> [What you should do]: Every line of the material must be given again verbatim. Skip the images.

Record set: Begin

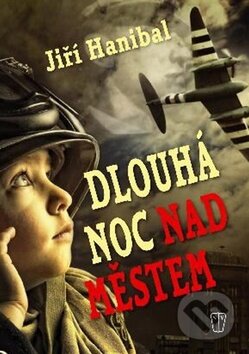 Kniha: Dlouhá noc nad městem (Jiří Hanibal). Naše vojsko CZ, 2014 Kniha: Dlouhá noc nad městem (Jiří Hanibal). Naše vojsko CZ, 2014
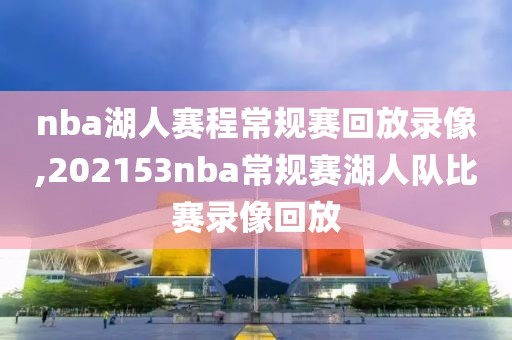 nba湖人赛程常规赛回放录像,202153nba常规赛湖人队比赛录像回放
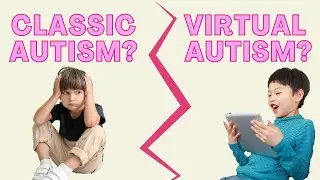 What's the Difference Between Classic and Virtual Autism?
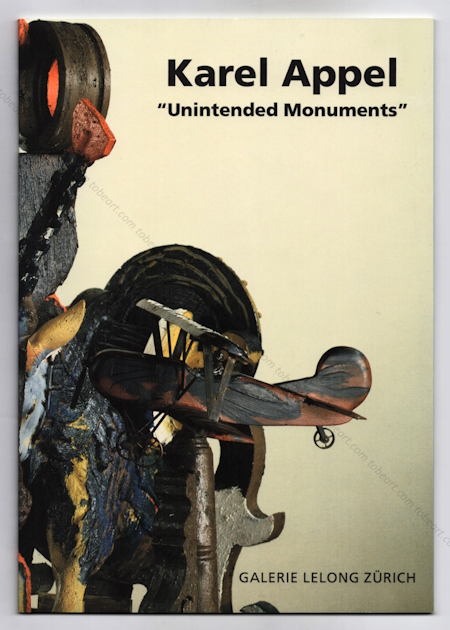 Karel APPEL - Unintended Monuments. Sculptures & Drawings. Zrich, Galerie Lelong, 1997.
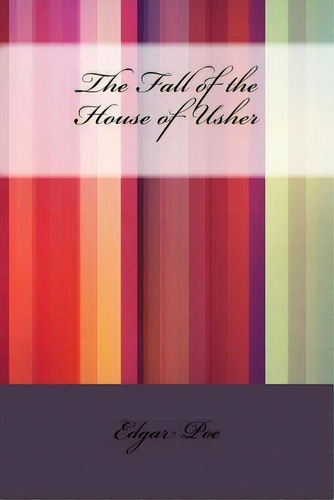 The Fall Of The House Of Usher, De Edgar Allan Poe. Editorial Createspace Independent Publishing Platform, Tapa Blanda En Inglés, 2016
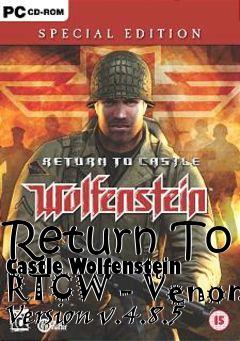 Box art for Return To Castle Wolfenstein RTCW - Venom Version v.4.8.5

Record set: End

> [Completed exercise]:
 Kniha: Dlouhá noc nad městem (Jiří Hanibal). Naše vojsko CZ, 2014 Kniha: Dlouhá noc nad městem (Jiří Hanibal). Naše vojsko CZ, 2014
 nba湖人赛程常规赛回放录像,202153nba常规赛湖人队比赛录像回放
 What's the Difference Between Classic and Virtual Autism?
 Karel APPEL - Unintended Monuments. Sculptures & Drawings. Zrich, Galerie Lelong, 1997.
 The Fall Of The House Of Usher, De Edgar Allan Poe. Editorial Createspace Independent Publishing Platform, Tapa Blanda En Inglés, 2016
 Box art for Return To Castle Wolfenstein RTCW - Venom Version v.4.8.5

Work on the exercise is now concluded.